Principal Brian Terrell explains, "This is a reminder to our staff that client service is the basis of our existence." He elaborates, "Just like in any other business, we endure a lot of stress on occasion, and the temptation is to forget the fact that we need our clients as much as they need us. If we do not remember this, then our competition will."
Founded in 1991 as a traditional tax and accounting firm, Terrell & Terrell has gradually shifted its focus to technology consulting--it calls itself a Technology CPA firm-- after concluding that, in Terrell's words, "accounting technology provides us more opportunity to expand and excel." It also allows the firm to better cater to clients' needs. Terrell points out, "There are not a lot of existing businesses out there waiting to be discovered for tax preparation work. However, there are many businesses that still use DOS accounting software, or that have not automated their customer relationship or human resources functions."

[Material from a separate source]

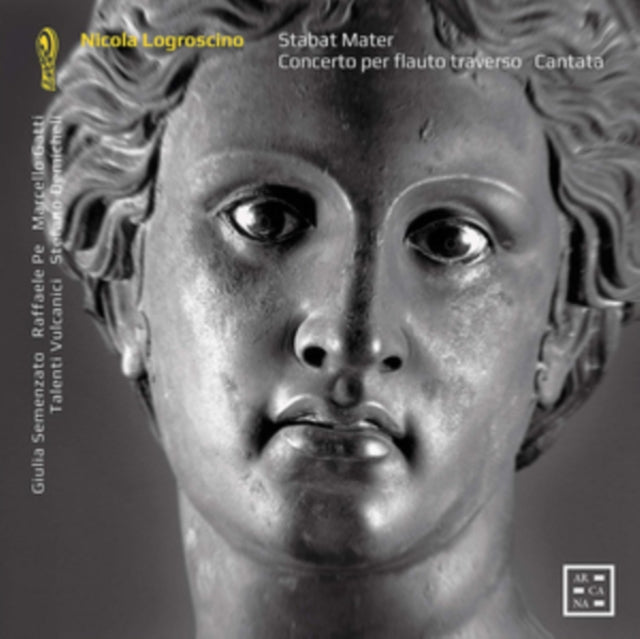 Nicola Logroscino: Stabat Mater/Concerto Per Flauto Traverso/...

These days, a "typical" new customer has more than 25 employees and is looking for core accounting functionality, HR, and "maybe" CRM, according to Terrell, who adds, "They are definitely interested in talking about CRM." A five-user license for core Accpac Advantage Series modules, plus HR and CRM, ranges from $25,000 to $32,000. Implementation and training fees "would be at least as much."
Terrell & Terrell recently implemented Accpac CRM at a major client. This module "is essentially a development environment that can be adapted to any business's workflow," notes Terrell. The firm also has begun demonstrating the hosted Accpaccrm.com service to prospects. "We have encouraged our clients to sign up for the free 30-day trial," he says. "I think having this [hosted] option is critical because all we hear today is how successful Salesforce.com is, and how everyone is rushing to get a hosted solution to market."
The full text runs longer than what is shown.